Using data from the Commonwealth Fund/Kaiser Family Foundation 2015 National Survey of Primary Care Providers, this brief examines providers’ opinions about the changes in primary care payment and health care delivery. Between January 5 and March 30, 2015, a nationally representative sample of 1,624 primary care physicians and a separate sample of 525 midlevel clinicians (i.e., nurse practitioners and physician assistants) working in primary care practices were surveyed online and by mail.

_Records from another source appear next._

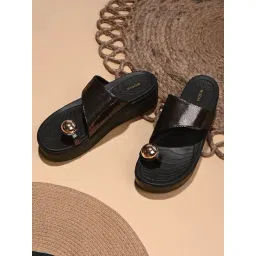 Rocia by Regal Women's Gun Metal Toe Ring Wedges-picture-36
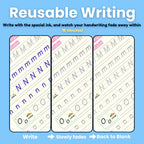 Magic Writing Book- Reusable Handwriting Practice with Disappearing Ink 4pc Set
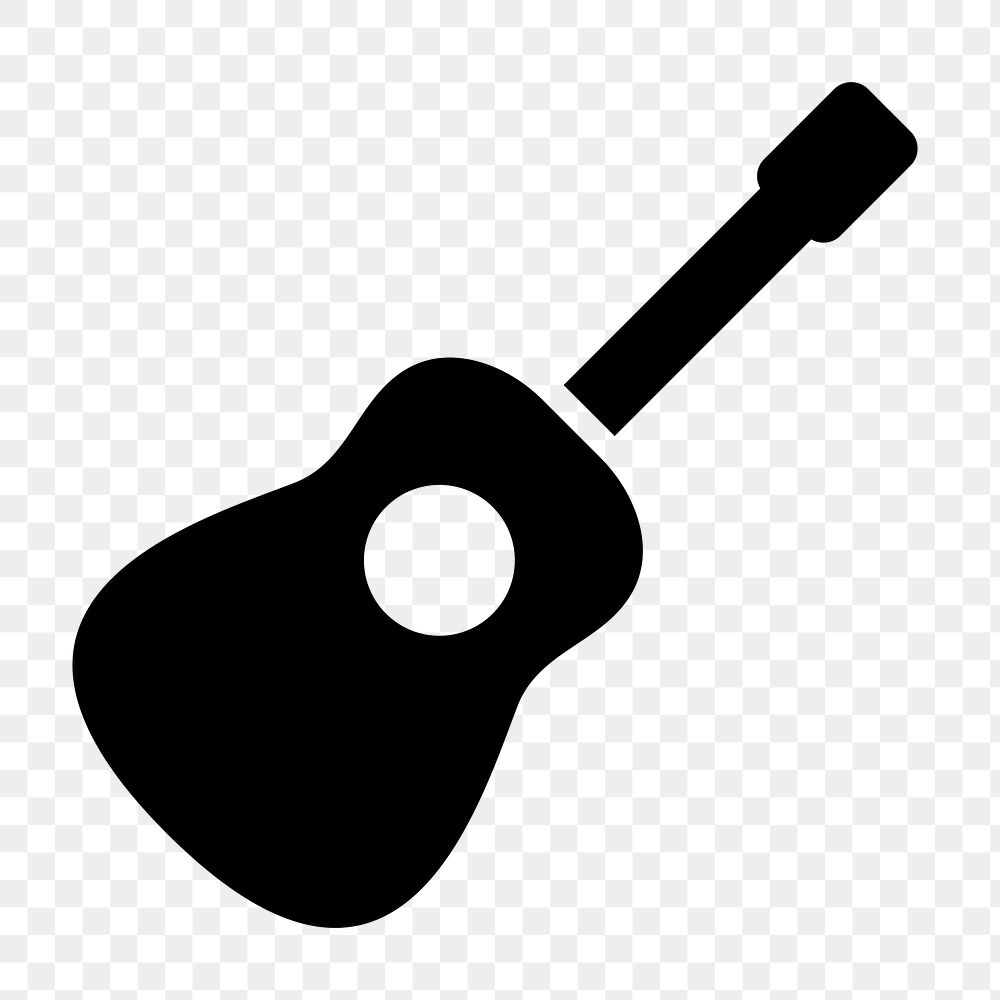 Black guitar png flat icon, transparent background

The survey finds that providers’ experiences with new models of care and changes to the health care system are varied. Slightly more than half of primary care physicians reported receiving financial incentives based on the quality or efficiency of care, although one-third of physicians continue to be paid exclusively on a fee-for-service basis. Three of 10 primary care physicians said their practice is qualified as a patient-centered medical home (PCMH) or advanced primary care practice. A similar share is currently participating in accountable care organizations (ACO). Nurse practitioners and physician assistants reported lower levels of participation in ACOs than did physicians, and many were unsure whether their practice participates in one or not.

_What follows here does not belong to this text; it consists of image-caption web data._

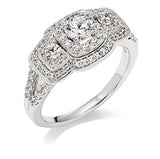 14KW Diamond 3 Stone & Halos Engagement Ring w/ 1.0 ctw, Size 7.25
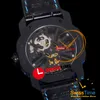 AXF Octo 102910 Hand Winding BVL206 Tourbillon Mecânico Mens Watch Sapphire PVD All Black Blue Skeleton Dial Bracelete Relógios Super Editon Swisstime B2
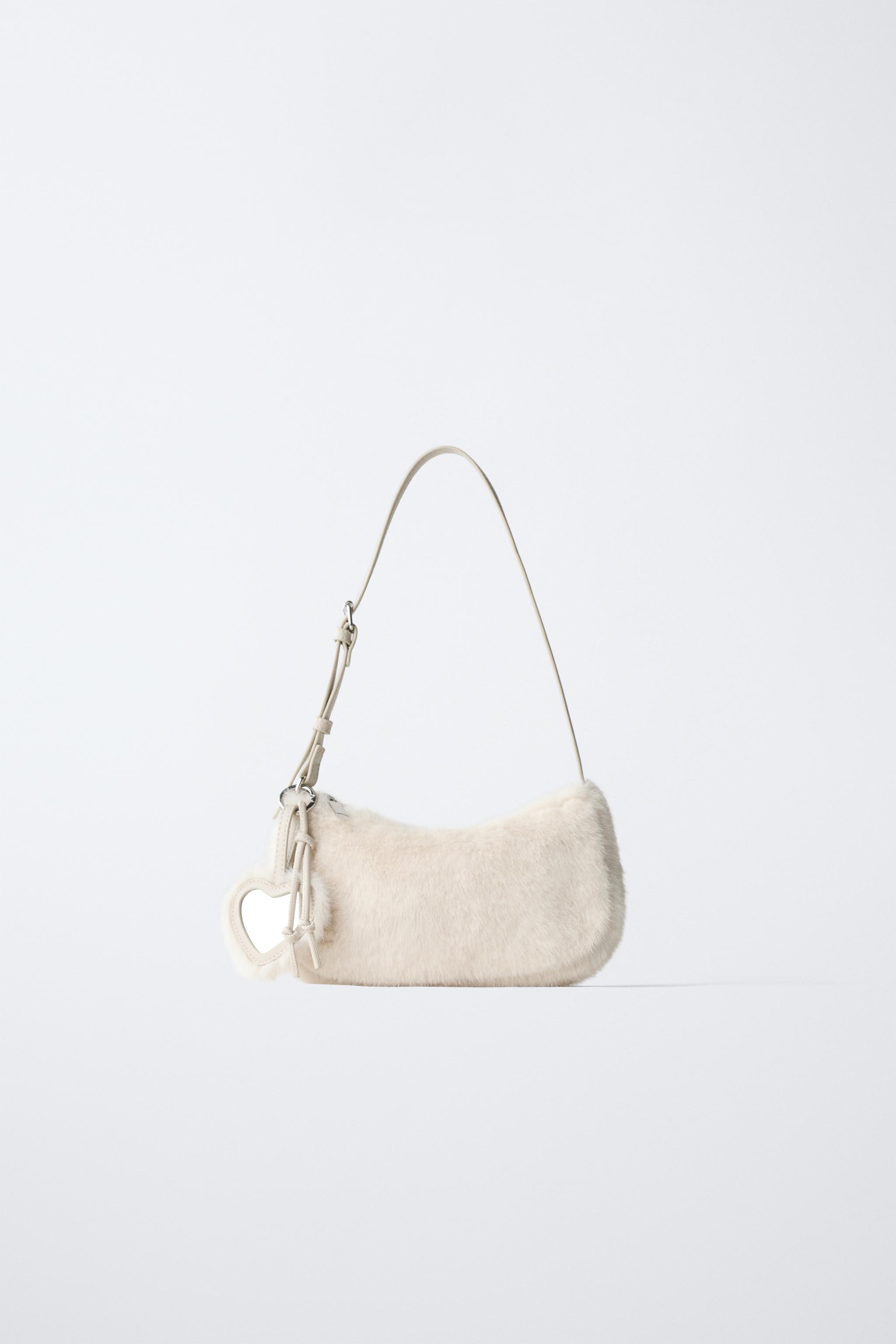 FAUX FUR SHOULDER BAG WITH CHARM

Health information technology generally garnered positive opinions. Though seemingly counterintuitive, this finding is consistent with the literature: while providers tend to dislike transitioning from paper-based charts to electronic health record software, they generally accept the promise of HIT as a concept.1 On other trends, primary care providers’ views were divided or skewed negative. Both physicians and midlevel clinicians were more likely to say that increased use of medical homes is having a positive rather than a negative impact on the ability to provide quality care, but large shares said there has been no impact or they are not sure. Among providers working in practices that receive incentives for qualifying as medical homes, views were more positive.

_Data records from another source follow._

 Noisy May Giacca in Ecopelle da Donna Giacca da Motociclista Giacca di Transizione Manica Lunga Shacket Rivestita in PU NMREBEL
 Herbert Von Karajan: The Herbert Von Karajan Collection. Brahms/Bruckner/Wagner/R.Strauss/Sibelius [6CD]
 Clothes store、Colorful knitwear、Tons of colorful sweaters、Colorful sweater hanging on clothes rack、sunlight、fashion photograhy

In contrast, physicians’ views tilt negative on the effect ACOs have had on the quality of care, and many are still not sure of their effect. Among physicians working in ACOs, views were divided between positive and negative. Providers were more negative about the use of quality metrics to assess their performance, even those providers who receive incentive payments based on quality. Nearly half of physicians and about a quarter of nurse practitioners and physician assistants said recent trends in health care are causing them to consider early retirement. However, a large majority of providers report satisfaction with their medical practice overall, consistent with historical data over the past two decades.2,3
SURVEY FINDINGS IN DETAIL
The Changing Primary Care Practice Environment
Current efforts to change primary care payment—that is, using new models that replace fee-for-service payment with other approaches—have been accelerated by provisions in the ACA. About two-thirds of primary care physicians (64%) reported they are paid either by capitation (i.e., prepayments for a set of services for a defined number of patients) or salary (i.e., predetermined income for an entire panel of patients) or through a combination of capitation, salary, and fee-for-service (Table 1). Nearly nine of 10 nurse practitioners and physician assistants (87%) reported receiving payment through mechanisms that are not exclusively fee-for-service. Nevertheless, about a third of primary care physicians (34%) are still paid exclusively on a fee-for-service basis. More than half (55%) of physicians and about a third (34%) of nurse practitioners and physician assistants said their practice receives incentives or payments based on measures of quality of care, patients’ experiences, or efficiency of providing care. About one-third of nurse practitioners and physician assistants were unsure whether they had received such incentives.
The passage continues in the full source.